Lunar bases, Martian rover vehicles, and a zero gravity exercise room are realities right now. Astronauts living and working on the International Space Station today are preparing for missions to the moon, Mars and beyond. Understanding the unique microgravity environment that astronauts experience in orbit is the goal of the "Living and Working in Space" videoconference.
What does it take to survive and work in Space? Come and hear Dr. Rick Chappell describe adaptations that must be made when we travel beyond earth’s atmosphere to the extreme and hostile environment of Space.
TEACHERS: Please discuss questions with your students and have students write out their questions to ask Rick Chappell during the Q & A session.
Lesson on Space Exploration
Living in Space—How Does Our Body Adapt?
--How high do you have to go to be in space?
--Most of the atmosphere is below 100 kilometers (65 miles) and the spacecraft
needs to be above the atmosphere to stay in space.
--Is there gravity in space?
--If there were no gravity, what would keep the satellites going around the Earth
and the Moon going around the Earth and the Earth going around the Sun?
--Yes, there is gravity in space.
--If there is gravity in space, why do you float around?
--Have you ever “floated around” on Earth? When and how?
--Swimming pool, diving board, trampoline, sky-diving
--You float when you fall in gravity—like jumping from a diving board or
jumping on a trampoline when you can do twists and flips.
--When you are “falling around the Earth” in a spacecraft does your body change the way
it works?
--Yes, fluids in your body like blood move around differently.

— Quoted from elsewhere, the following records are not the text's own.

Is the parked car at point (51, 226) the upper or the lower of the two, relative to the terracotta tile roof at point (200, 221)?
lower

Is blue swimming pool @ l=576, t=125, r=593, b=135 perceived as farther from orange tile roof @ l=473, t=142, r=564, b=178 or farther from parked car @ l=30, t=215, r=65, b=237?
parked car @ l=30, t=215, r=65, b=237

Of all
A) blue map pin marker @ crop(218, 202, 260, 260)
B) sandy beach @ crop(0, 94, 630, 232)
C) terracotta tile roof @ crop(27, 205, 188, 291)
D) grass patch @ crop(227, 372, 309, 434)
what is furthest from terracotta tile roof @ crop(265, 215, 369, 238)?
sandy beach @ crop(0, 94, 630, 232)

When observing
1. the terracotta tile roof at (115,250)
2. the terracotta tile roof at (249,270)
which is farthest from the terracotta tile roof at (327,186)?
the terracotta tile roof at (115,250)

--How does your heart and blood circulation change?
--Your heart normally pumps blood from your feet up to your head. If you and
your blood are floating around, the heart will pump too much blood to
your head and your neck and face will swell up. Your body will think
that you have too much blood and will reduce the amount of liquid in
your body through your urine output.
--Your body will also not produce as much red blood cell material
--How do your muscles and bones change while you are floating in space?
--Since you don’t need to walk around, you do not use the muscles and bones in
your legs and back. As a result, you muscles weaken and your bones
lose calcium and get weaker.
--To reduce the loss of muscle and bone, you can do exercises during your flight.
--How do you exercise in space if you are floating around?
--You can ride a stationary bicycle or run on a treadmill, but how do you stay on
the bicycle or treadmill?
--You can use a seat belt to stay on the bike and bungees to stay on the treadmill.
--You can also pull against rubber straps or push between two stationary walls to
strengthen your muscles.
--How does your brain tell you which way is up if you can’t feel the gravity?
--Your brain uses your eyes, your inner ear (otolith organ) and the nerves in your
legs and back (proprioceptive nerves).
--In space, none of these really works, but your brain learns to depend on your
eyes to tell it which way is “up” to the ceiling and “down” to the floor.
--Most people who fly in space for the first time become motion sick, since the
brain has to adjust to using the eyes only and gets no useful information
from the otolith organs and the proprioceptive nerves since you are
floating around (falling around the Earth).
--Do you get a backache in space?
--When you are floating in space, your spine does not have to support the weight
of your body, so your back often lengthens—you get taller.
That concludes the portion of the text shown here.